*Task description*
Of all the lines below, output only those starting at the one with "Modern With Sea" and ending at the one with "Resale - Apartment - Formentera del Segura", both ends included, exactly as written.

Extracted data entries:
────────────────

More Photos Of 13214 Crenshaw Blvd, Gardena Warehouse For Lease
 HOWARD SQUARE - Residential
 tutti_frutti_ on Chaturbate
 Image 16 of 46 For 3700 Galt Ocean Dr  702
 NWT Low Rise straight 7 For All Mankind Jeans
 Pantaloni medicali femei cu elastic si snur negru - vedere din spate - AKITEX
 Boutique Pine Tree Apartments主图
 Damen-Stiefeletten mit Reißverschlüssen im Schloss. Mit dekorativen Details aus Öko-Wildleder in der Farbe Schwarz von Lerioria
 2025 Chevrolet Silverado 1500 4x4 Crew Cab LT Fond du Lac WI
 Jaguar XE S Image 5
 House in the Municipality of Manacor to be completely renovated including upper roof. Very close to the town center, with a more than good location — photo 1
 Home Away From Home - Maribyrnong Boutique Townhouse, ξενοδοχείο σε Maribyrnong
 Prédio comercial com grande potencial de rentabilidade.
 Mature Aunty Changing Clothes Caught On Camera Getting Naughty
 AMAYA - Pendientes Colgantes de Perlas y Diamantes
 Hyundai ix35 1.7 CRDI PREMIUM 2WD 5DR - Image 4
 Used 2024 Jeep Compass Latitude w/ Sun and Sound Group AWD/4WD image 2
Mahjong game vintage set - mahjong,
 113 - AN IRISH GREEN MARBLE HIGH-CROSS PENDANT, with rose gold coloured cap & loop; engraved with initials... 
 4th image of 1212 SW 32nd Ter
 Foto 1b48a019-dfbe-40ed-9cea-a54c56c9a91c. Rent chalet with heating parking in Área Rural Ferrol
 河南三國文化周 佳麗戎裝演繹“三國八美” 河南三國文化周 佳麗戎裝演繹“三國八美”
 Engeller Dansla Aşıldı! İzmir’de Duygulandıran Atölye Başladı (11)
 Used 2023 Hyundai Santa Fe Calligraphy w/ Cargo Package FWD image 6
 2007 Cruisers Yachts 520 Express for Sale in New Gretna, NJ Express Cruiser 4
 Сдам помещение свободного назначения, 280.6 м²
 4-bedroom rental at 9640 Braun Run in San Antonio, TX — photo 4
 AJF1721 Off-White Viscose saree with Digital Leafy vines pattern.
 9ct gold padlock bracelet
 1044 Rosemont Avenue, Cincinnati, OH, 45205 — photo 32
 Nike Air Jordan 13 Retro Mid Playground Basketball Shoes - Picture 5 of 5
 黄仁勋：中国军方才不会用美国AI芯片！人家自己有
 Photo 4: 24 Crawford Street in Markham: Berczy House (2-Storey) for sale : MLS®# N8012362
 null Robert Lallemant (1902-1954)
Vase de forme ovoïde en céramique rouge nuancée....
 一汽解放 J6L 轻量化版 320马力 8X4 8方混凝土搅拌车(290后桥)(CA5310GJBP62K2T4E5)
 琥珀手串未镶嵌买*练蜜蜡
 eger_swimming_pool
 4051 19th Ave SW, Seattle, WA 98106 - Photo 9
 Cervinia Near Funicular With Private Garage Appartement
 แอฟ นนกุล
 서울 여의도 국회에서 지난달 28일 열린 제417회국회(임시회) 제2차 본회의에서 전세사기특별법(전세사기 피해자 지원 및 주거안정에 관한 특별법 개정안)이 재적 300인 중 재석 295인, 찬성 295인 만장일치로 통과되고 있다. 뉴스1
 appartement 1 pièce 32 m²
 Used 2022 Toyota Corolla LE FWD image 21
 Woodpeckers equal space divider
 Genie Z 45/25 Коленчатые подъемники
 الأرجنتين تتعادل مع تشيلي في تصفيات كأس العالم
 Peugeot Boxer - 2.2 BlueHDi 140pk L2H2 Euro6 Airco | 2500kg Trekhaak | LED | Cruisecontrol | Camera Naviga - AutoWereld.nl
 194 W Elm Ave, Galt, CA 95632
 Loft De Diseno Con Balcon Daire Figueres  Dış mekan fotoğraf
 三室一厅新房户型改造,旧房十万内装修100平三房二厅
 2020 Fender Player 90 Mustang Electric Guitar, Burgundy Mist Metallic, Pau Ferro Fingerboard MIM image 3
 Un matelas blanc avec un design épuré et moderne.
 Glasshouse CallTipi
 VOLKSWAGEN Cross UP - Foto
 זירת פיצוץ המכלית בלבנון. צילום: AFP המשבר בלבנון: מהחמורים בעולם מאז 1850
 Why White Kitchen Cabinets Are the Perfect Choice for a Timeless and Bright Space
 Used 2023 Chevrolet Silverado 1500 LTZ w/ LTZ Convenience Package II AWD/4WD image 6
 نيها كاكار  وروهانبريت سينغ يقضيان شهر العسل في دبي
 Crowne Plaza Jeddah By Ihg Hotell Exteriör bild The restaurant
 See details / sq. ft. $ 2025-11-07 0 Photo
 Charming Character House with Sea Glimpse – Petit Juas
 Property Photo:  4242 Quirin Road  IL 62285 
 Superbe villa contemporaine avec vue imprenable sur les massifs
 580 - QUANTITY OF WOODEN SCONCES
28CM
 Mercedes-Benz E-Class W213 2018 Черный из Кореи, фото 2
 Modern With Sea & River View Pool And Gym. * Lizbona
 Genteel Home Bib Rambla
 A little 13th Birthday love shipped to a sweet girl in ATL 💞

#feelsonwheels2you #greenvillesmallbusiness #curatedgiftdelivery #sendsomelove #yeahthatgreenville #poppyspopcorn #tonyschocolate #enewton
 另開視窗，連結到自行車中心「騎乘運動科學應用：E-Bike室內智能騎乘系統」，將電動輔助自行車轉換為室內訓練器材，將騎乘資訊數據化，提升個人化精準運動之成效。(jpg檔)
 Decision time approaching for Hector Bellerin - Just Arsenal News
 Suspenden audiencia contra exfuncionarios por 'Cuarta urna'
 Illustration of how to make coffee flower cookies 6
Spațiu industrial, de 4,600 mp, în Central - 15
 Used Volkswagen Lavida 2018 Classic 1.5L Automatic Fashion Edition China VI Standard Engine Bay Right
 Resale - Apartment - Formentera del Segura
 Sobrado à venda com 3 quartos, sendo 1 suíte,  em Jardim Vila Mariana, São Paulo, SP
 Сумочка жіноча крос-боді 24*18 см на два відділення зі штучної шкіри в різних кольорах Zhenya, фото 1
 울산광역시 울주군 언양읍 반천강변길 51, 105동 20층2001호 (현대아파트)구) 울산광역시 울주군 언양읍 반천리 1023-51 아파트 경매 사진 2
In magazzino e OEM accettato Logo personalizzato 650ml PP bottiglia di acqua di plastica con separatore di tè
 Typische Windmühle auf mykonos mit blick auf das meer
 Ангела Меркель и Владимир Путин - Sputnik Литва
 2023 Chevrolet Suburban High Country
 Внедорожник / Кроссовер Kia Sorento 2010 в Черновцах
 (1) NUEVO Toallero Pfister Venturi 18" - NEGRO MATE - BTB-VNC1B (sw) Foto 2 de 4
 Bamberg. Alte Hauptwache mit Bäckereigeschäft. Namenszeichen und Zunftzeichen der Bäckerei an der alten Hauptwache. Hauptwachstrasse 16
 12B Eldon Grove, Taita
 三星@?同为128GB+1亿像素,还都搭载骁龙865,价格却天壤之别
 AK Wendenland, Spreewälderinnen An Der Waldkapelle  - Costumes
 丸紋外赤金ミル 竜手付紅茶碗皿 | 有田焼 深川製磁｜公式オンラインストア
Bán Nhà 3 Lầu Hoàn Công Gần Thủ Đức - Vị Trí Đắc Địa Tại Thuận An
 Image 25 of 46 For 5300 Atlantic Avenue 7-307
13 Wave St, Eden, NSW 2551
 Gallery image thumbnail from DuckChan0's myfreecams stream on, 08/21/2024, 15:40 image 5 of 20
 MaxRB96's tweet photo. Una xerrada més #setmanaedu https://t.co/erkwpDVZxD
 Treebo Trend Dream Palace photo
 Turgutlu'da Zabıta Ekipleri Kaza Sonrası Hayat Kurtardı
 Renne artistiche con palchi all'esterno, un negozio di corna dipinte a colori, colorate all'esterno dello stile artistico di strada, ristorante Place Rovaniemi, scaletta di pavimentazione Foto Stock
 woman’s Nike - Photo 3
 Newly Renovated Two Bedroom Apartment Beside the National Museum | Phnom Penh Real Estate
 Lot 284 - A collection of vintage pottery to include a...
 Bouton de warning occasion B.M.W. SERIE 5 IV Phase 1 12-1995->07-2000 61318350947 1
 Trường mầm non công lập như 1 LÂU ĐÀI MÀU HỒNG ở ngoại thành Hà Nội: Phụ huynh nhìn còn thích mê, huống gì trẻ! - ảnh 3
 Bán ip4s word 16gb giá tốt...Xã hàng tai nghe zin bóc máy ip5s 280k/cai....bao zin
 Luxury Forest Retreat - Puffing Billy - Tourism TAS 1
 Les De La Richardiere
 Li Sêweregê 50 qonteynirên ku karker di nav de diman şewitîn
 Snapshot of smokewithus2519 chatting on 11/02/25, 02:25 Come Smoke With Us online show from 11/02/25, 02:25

────────────────

*Exercise result*
 Modern With Sea & River View Pool And Gym. * Lizbona
 Genteel Home Bib Rambla
 A little 13th Birthday love shipped to a sweet girl in ATL 💞

#feelsonwheels2you #greenvillesmallbusiness #curatedgiftdelivery #sendsomelove #yeahthatgreenville #poppyspopcorn #tonyschocolate #enewton
 另開視窗，連結到自行車中心「騎乘運動科學應用：E-Bike室內智能騎乘系統」，將電動輔助自行車轉換為室內訓練器材，將騎乘資訊數據化，提升個人化精準運動之成效。(jpg檔)
 Decision time approaching for Hector Bellerin - Just Arsenal News
 Suspenden audiencia contra exfuncionarios por 'Cuarta urna'
 Illustration of how to make coffee flower cookies 6
Spațiu industrial, de 4,600 mp, în Central - 15
 Used Volkswagen Lavida 2018 Classic 1.5L Automatic Fashion Edition China VI Standard Engine Bay Right
 Resale - Apartment - Formentera del Segura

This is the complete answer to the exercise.